Addition of phalloidin, which stiffens bare actin segments (28) and thus introduces a mechanical gradient at boundaries, promotes vertebrate cofilin-mediated severing of WT yeast actin filaments (Fig. S3). Furthermore, severing of A167E yeast actin filaments scales with the difference in stiffness between flexible cofilin-decorated segments and bare actin segments, whose rigidity and structure depends on stiffness site cation occupancy (Fig. S4), suggesting that the steepness of the mechanical gradient and structural change at boundaries determines filament severing efficiency. The gradient steepness is determined by the rigidity and conformational flexibility of bare segments with stiffness cation binding sites, because cofilactin segment rigidity is similar at all [Mg2+]. Both mechanical and topological discontinuities are likely to be required for efficient severing by cofilin, because regulatory proteins (e.g., tropomyosin and myosin) and ligands that stiffen filaments (2931) without dramatically altering filament structure (32) do not sever filaments, even at partial occupancy (Fig. S3 and ref. 31).

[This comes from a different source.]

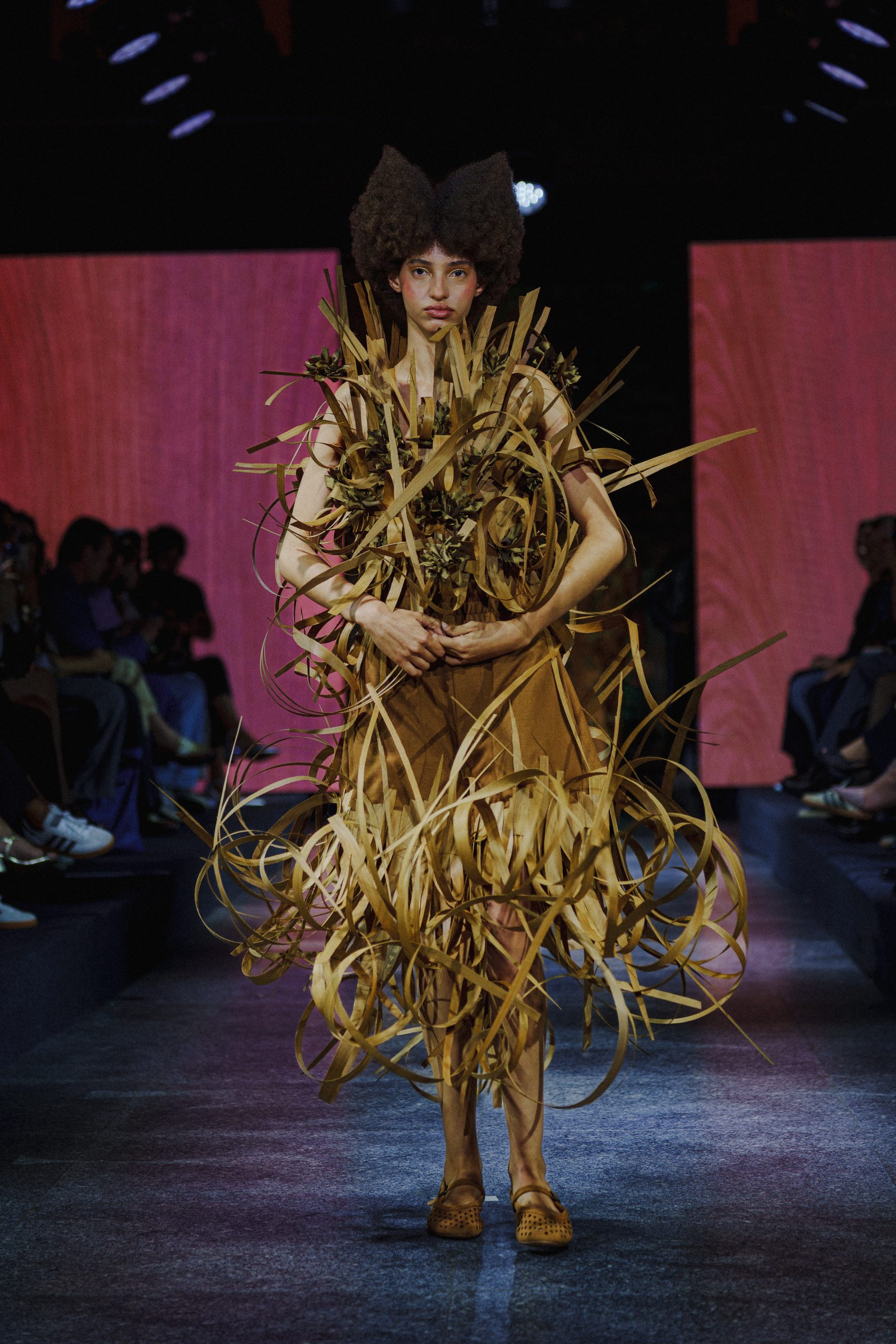 Desfile de Jay Boggo com looks de MDF (Foto: Divulgação)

The two variants of yeast actin with different stiffness sites, WT and A167E mutant, provide an experimental tool to directly evaluate the role of cofilin severing activity in cells. Cofilin is essential for S. cerevisiae viability (33). Vertebrate cofilin does not sever yeast actin filaments (Fig. 2) and does not rescue the lethal phenotype associated with yeast cofilin deletion (Fig. 3A, sector 3) (22). With the yeast cofilin gene intact, the A167E yeast actin mutant is viable and displays little or no defect in growth (Fig. 3A, sectors 1 and 2) or actin patch and cable dynamics (Fig. 3 B and C, Table 1, and Movies S1 and S2) compared with WT cells. Strikingly, vertebrate cofilin in the A167E yeast actin background rescues the viability of yeast cofilin deletion (Fig. 3A, sector 4), indicating that the actin filament severing activity of cofilin is essential for its function in cells. Yeast cells with A167E actin and vertebrate cofilin assemble actin patches and actin cables (Fig. 3 BG and Movies S3–S6) with patch internalization efficiencies comparable to those of WT and A167E cells (Table 1). Patches of yeast cells with A167E and vertebrate cofilin seem to be slightly more stable than those of WT cells, as indicated by the patch lifetimes (Table 1).

Fig. 3.

Fig. 3.

Actin filament-severing activity of cofilin is essential for viability and actin dynamics in yeast. (A) A single-point mutation in yeast actin allows human cofilin to function in yeast. Yeast strain MHY8403 (act1Δ cof1Δ/YCp50ACT1, pRS316COF1) was transformed with pairs of plasmids bearing the indicated alleles and spread on selection plates lacking leucine and histidine. Single colonies were then streaked onto FOA plates and incubated at 30 °C for 4 d. The act1-A167E hCOF strain (sector 4) grows slightly more slowly than the other two viable strains. (BD) Representative images of actin cables in (B) ABP140-3GFP, (C) act1-A167E ABP140-3GFP, and (D) act1-A167E hCOF ABP140-3GFP yeast cells. (Scale bars, 5 μm in BD). (EG) Representative kymographs of actin patches in (E) Abp1-GFP, (F) act1-A167E ABP1-GFP, and (G) act1-A167E hCof1 ABP1-GFP yeast cells. Average patch lifetimes and percentages of internalization are summarized in Table 1 (n > 50 patches per strain).

Table 1.

Actin patch lifetimes and percentage of internalization in WT and mutant strains

Strain Lifetime, s No. of patches P value Internalization percentage
WT 12.7 ± 2.5 54 91
act1-A167E 14.5 ± 3.1 68 0.0005 88
act1-A167E hCof 21.0 ± 6.3 63 0.0001 84

Uncertainties represent ± SD.

These results favor a model in which each bound cofilin dissociates a stiffness cation at an actin subunit interface, which compromises longitudinal and lateral contacts between adjacent filament subunits (Fig. 1). Loss of these contacts introduces a local change in compliance and mechanical phase boundary of differential stiffness within the filament that is susceptible to fragmentation by shape deformations (12). The absence of a stiffness site renders WT yeast actin filaments resistant to fragmentation by vertebrate cofilin because mechanical gradients and corresponding conformational changes and fluctuations at junctions between bare and cofilin-decorated segments are small or nonexistent without stiffness-site cations.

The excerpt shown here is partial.